No deja por eso de ser alarmante para la suerte de la paz, que sólo uno de los Estados firmantes del pacto se decida a recabar su libertad de acción y a reivindicar los derechos más elementales de un Gobierno legítimo, una vez demostrado hasta la saciedad que, por buena que haya sido la intención inicial, la fórmula ha tenido resultados contraproducentes. Es decir, que si el propósito era no dar motivo de ayuda a los rebeldes, empezando por no ayudar al Gobierno legal, los hechos dicen que sólo éste quedó desamparado. Lo lógico sería, pues, renunciar al intento. Pero, doble contraste: primero, se abandona un derecho para evitar actividades clandestinas, y al no conseguirlo se permanece en una situación de inferioridad por temor a mayores complicaciones. Así se explica sobradamente que pueda triunfar en política internacional lo que está triunfando: la matonería y el chantaje.

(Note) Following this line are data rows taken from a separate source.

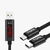 Cable TOPK Con Panel LCD Mide Voltaje/amp tipo Micro USB AC27 - comprar online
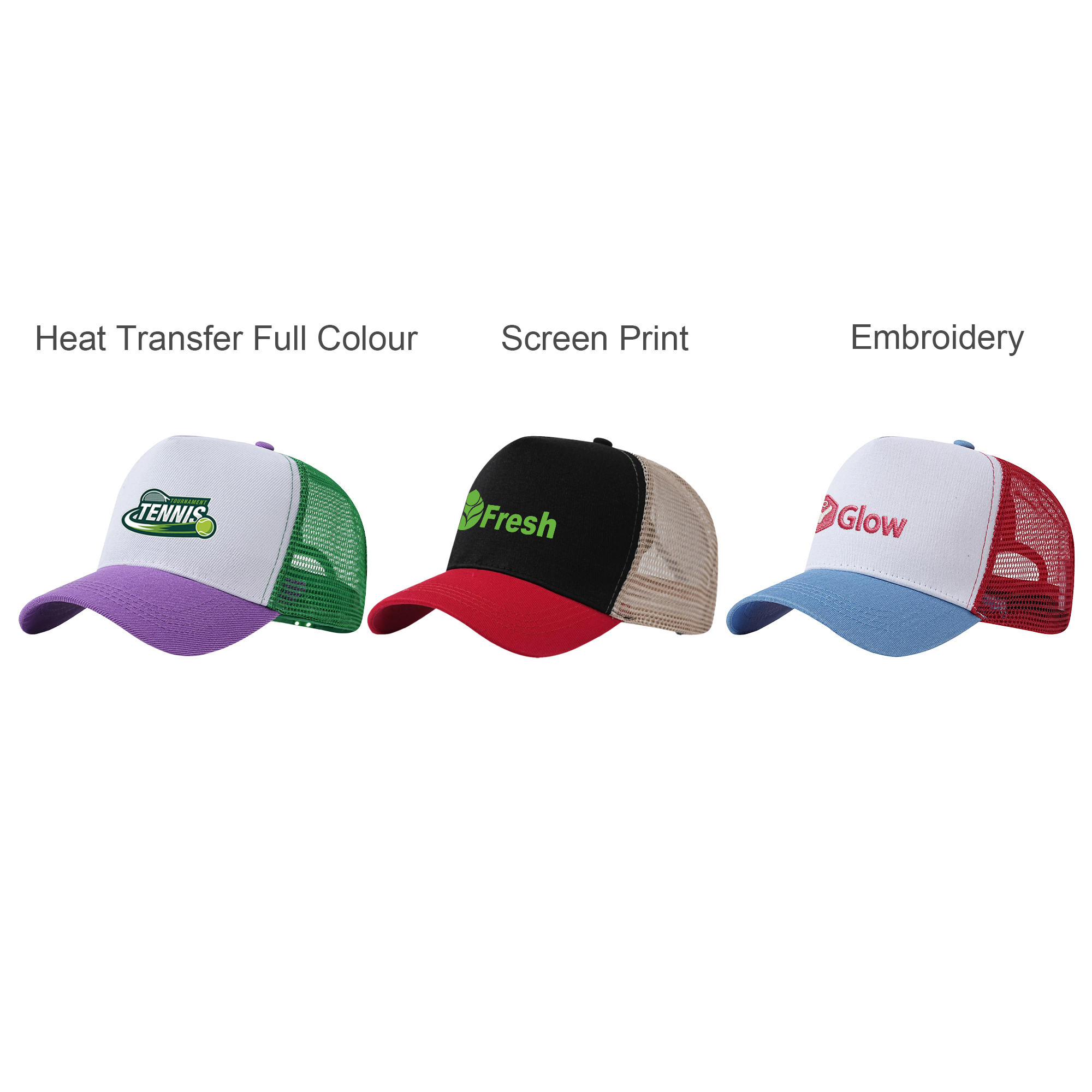 5 Panel Fashion Mesh Hat - Image 15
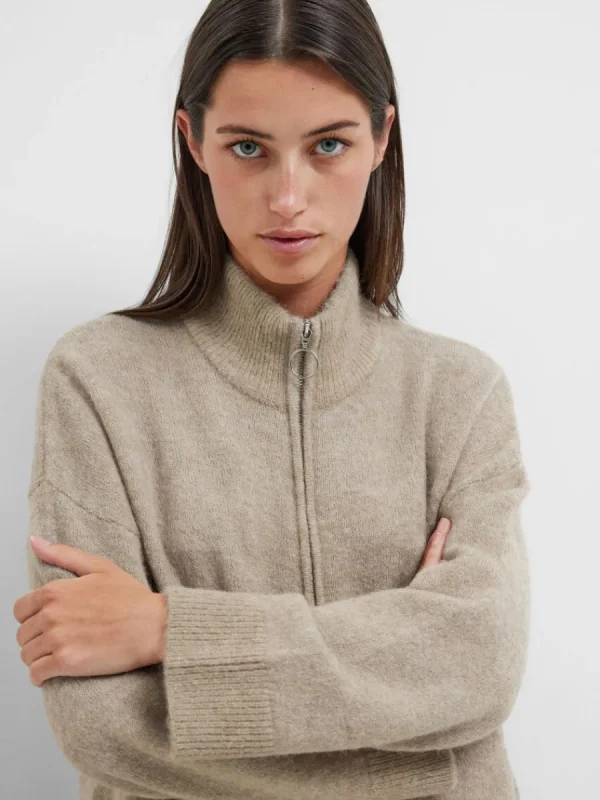 SELECTED BLIXTLÅSSTÄNGNING KOFTA Beige Clearance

Y ha de ser la U. R. S. S., la más alejada, por interés particular del conflicto español, pero la más próxima a nosotros por su defensa consecuente de la paz, quien resuelva romper las amarras. Porque esta guerra, si a alguien toca de cerca en sus intereses, es a Francia e Inglaterra, las dos grandes potencias del Mediterráneo.
Pero lo triste es que éstas tratan de conjurar el mal con las fórmulas de cuando el peligro no es inminente: con el conciliábulo, el cambio de impresiones, la reunión en que todo se deja para la próxima. Con estas timideces nada se evita; sólo se consigue debilitar las condiciones para la paz mundial, cuando la Historia nos depara ocasiones únicas para establecerla.
Los Estados que no quieren la guerra podrán tener entre sí antagonismos en periodos normales. Pero habrán de abandonarlos al cernirse sobre ellos la tempestad bélica. Estamos seguros de que la amistad anglo-franco-soviética, con todas las pequeñas potencias alrededor, será cada día más estrecha. No hay otra vía. Es de lamentar, sin embargo, que si la seguridad colectiva no está hoy más sólidamente apuntalada sea a causa de que la política internacional franco-inglesa se halla por debajo de la gravedad de las circunstancias.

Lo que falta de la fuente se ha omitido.